UTF-8 is the abbreviation for 8-bit UCS transformation format and is capable of displaying all Unicode characters as well as the 7-bit ASCII characters without conversion. In current systems, the 7 bits of an ASCII character were always stored as 8 bits, with the leading bit being set to 0. UTF-8 has adopted this property and at the same time defined that if a 1 occurs in the leading bit, it is no longer an ASCII character but a Unicode character.

The non-ASCII characters are implemented in UTF-8 by sequencing several bytes, with the first byte of a character being the start byte. Depending on how the leading bits of the start byte are set, a different number of subsequent bytes can be added. Such a coding is also called multibyte coding . The conversion scheme is shown in the table below:

0xxxxxxx                             ASCII-Zeichen              
110xxxxx 10xxxxxx                    Unicode U+00080 bis U+007ff
1110xxxx 10xxxxxx 10xxxxxx           Unicode U+00800 bis U+0ffff
11110xxx 10xxxxxx 10xxxxxx 10xxxxxx  Unicode U+10000 bis U+1ffff

The x denote any bits that are directly connected to each other during the conversion to Unicode, resulting in the characters listed in the right-hand column. It should be noted that low-order characters could theoretically be encoded in different ways. However, the UTF-8 standard dictates that only encoding with minimal space consumption is allowed.

The special coding with the leading bits also allows a byte to be identified directly as a start byte or as a follow-up byte. This is particularly important when restoring defective data or when counting the number of characters in a string.
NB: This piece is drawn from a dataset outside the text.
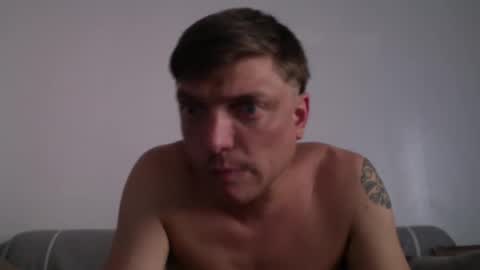 Snapshot of izealvaro chatting on 10-18-25, 08:31 izealvaro online show from 10-18-25, 08:31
Using UTF-8, the characters commonly used in the western world are automatically stored with fewer bytes, resulting in smaller files. However, the much more important advantage of this encoding is that existing ASCII files can be interpreted directly as UTF-8 files. For this reason, UTF-8 has spread worldwide and indirectly helped the spread of Unicode.

Windows Encoding

Window used to use different encodings depending on the language region. The most common was Windows-1252 Western European, an extension of the ISO-8859-1 encoding, better known as Latin-1. The encodings Windows-1252 Western European and ISO-8859-1 differ in the characters 128 - 159, which are considered undefined under the ISO-8859 class. Since these characters are rarely used, the two encodings were often mixed up by mistake.

The specification ISO-8859-1, or Latin-1, is far more common today than Windows-1252 and was even adopted for the character assignment of characters 128 - 255 in Unicode. Nevertheless, many files are still encoded in Windows-1252, which is why, for example, the encoding ISO-8859-1 should be interpreted as Windows-1252 according to the new HTML5 standard.

In addition to ISO-8859, there is also the standard ISO 8859 (no hyphen). This also does not define any printable characters for 128 - 159, but replaces them with additional control characters.

MacOS Encoding

The Macintosh system prior to version X used an encoding known as MacRoman. The character table can be looked up at other sources. In Mac OS X, however, this encoding was gradually superseded by the introduction of Unicode. Nowadays, files are generally saved in UTF-8.